The bearing \(N\,\theta\,E\): measured from North, turning \(\theta\) toward East

Translate before you compute. Convert every bearing into a clean right triangle with North–South and East–West legs. A journey "\(N\,\theta\,E\) for distance \(r\)" advances \(r\cos\theta\) north and \(r\sin\theta\) east — after that it is ordinary trigonometry.

Section 15-8

Standard Results

Two configurations recur so often they are worth knowing as formulae, not rederiving each time.

① The walk-toward result

Elevation \(\alpha\) at the first point becomes \(\beta\) after walking \(d\) toward the tower: height \(h=\dfrac{d\tan\alpha\tan\beta}{\tan\beta-\tan\alpha}\).

② Flagstaff on a tower

A staff of height \(a\) on a tower of height \(h\) subtends angle \(\beta\) at a point where the tower subtends \(\alpha\): \(h=\dfrac{a\tan\alpha}{\tan(\alpha+\beta)-\tan\alpha}\).

③ The shadow result

If the shadow lengthens by \(d\) as the sun's elevation drops from \(\beta\) to \(\alpha\), then \(h=\dfrac{d}{\cot\alpha-\cot\beta}\) — the same workhorse formula.

Worked Examples

Putting It to Work

1 A single observation

Problem. The elevation of the top of a tower from a point \(30\text{ m}\) from its foot is \(30^{\circ}\). Find the height.
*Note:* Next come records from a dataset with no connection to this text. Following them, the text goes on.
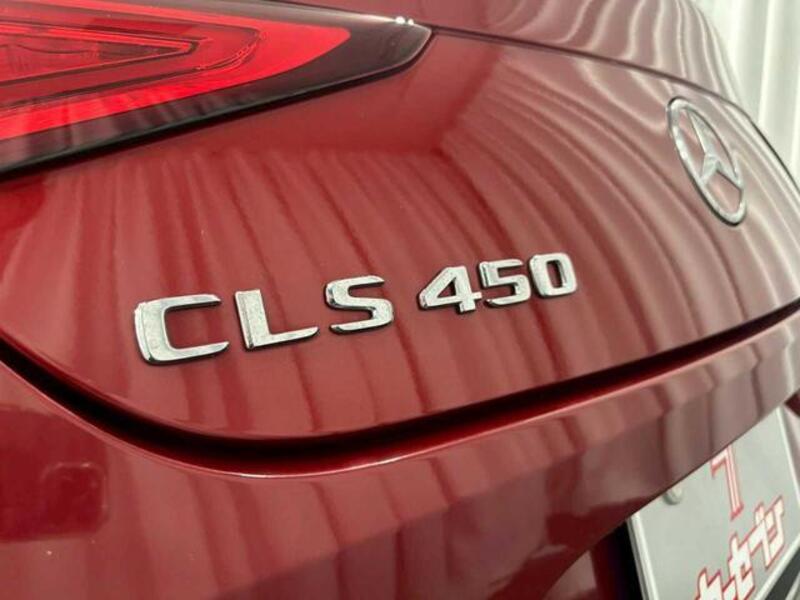 CLS-CLASS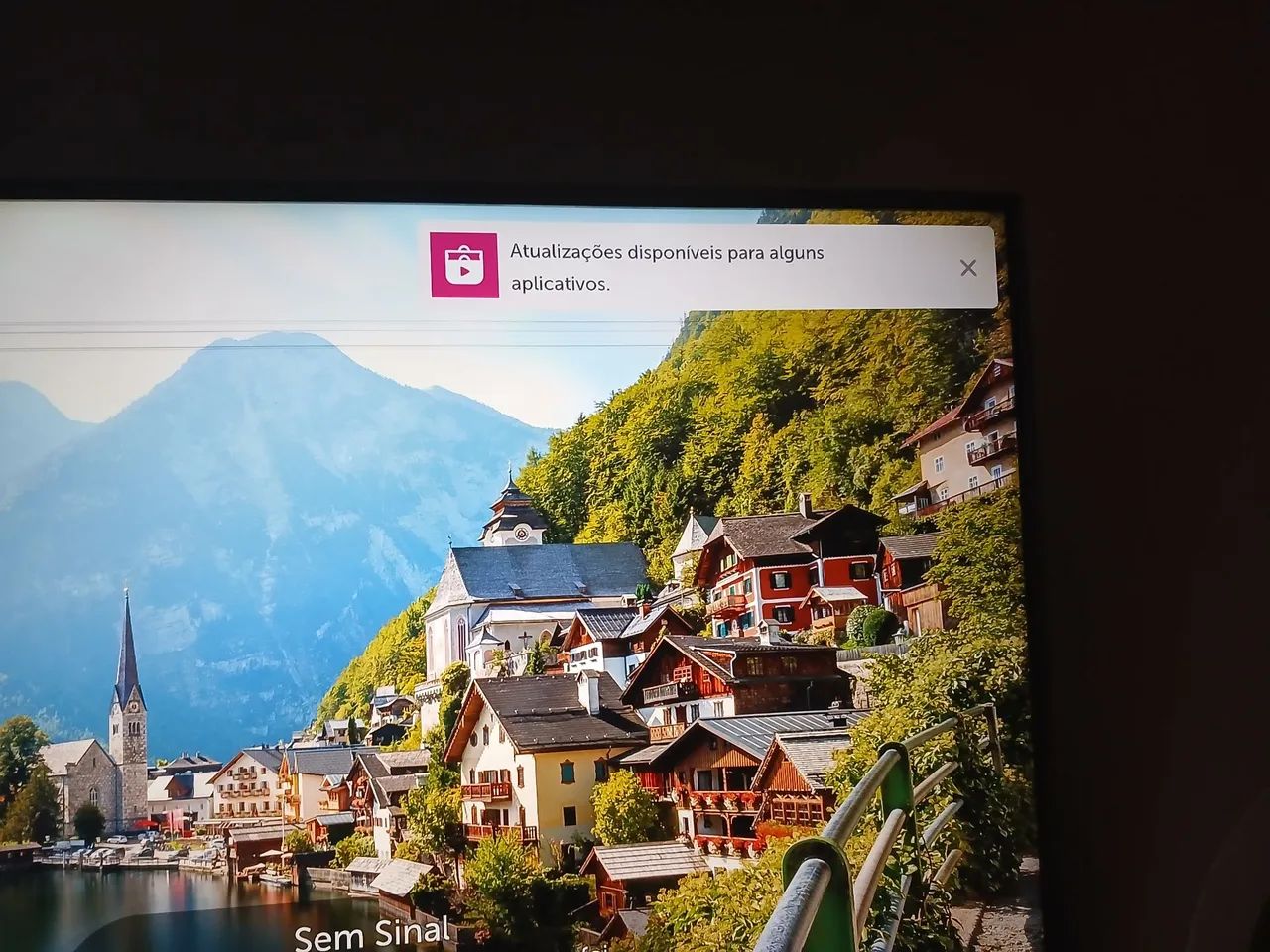 TV LG 50 - Foto 4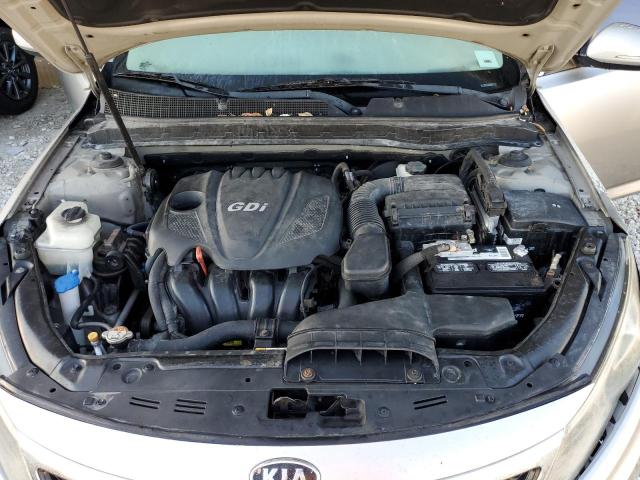 صورة رقم 7 من المزاد - 2013 KIA OPTIMA LX مع VIN KNAGM4A73D5302863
Solution. With \(h=d\tan\theta\):

Working

\[ h=30\tan30^{\circ}=\frac{30}{\sqrt3}=10\sqrt3\ \text{m} \]

2 Two boats by depression

Problem. From the top of a \(100\text{ m}\) cliff the angles of depression of two boats in line with the foot are \(30^{\circ}\) and \(45^{\circ}\). Find the distance between them.

Solution. Distances from the foot are \(100\cot30^{\circ}\) and \(100\cot45^{\circ}\):

Working

\[ 100\sqrt3-100=100(\sqrt3-1)\ \text{m} \]

3 Walking toward a tower

Problem. The elevation of a tower is \(30^{\circ}\) at a point; on walking \(40\text{ m}\) closer it becomes \(60^{\circ}\). Find the height.

Solution. Use \(h=\dfrac{d\tan\alpha\tan\beta}{\tan\beta-\tan\alpha}\) with \(\alpha=30^{\circ},\ \beta=60^{\circ},\ d=40\):

Working

\[ h=\frac{40\cdot\frac{1}{\sqrt3}\cdot\sqrt3}{\sqrt3-\frac{1}{\sqrt3}}=\frac{40}{\,2/\sqrt3\,}=20\sqrt3\ \text{m} \]

4 Object between two stations

Problem. A tower stands between two points \(100\text{ m}\) apart on opposite sides; the elevations are \(30^{\circ}\) and \(60^{\circ}\). Find the height.

Solution. Use the opposite-side formula \(h=\dfrac{d}{\cot\alpha+\cot\beta}\):

Working

\[ h=\frac{100}{\sqrt3+\frac{1}{\sqrt3}}=\frac{100}{\,4/\sqrt3\,}=25\sqrt3\ \text{m} \]

5 Tower and hill

Problem. From the foot of a tower the top of a hill is seen at elevation \(60^{\circ}\); from the foot of the hill the top of the tower is seen at \(30^{\circ}\). If the tower is \(50\text{ m}\) high, find the height of the hill.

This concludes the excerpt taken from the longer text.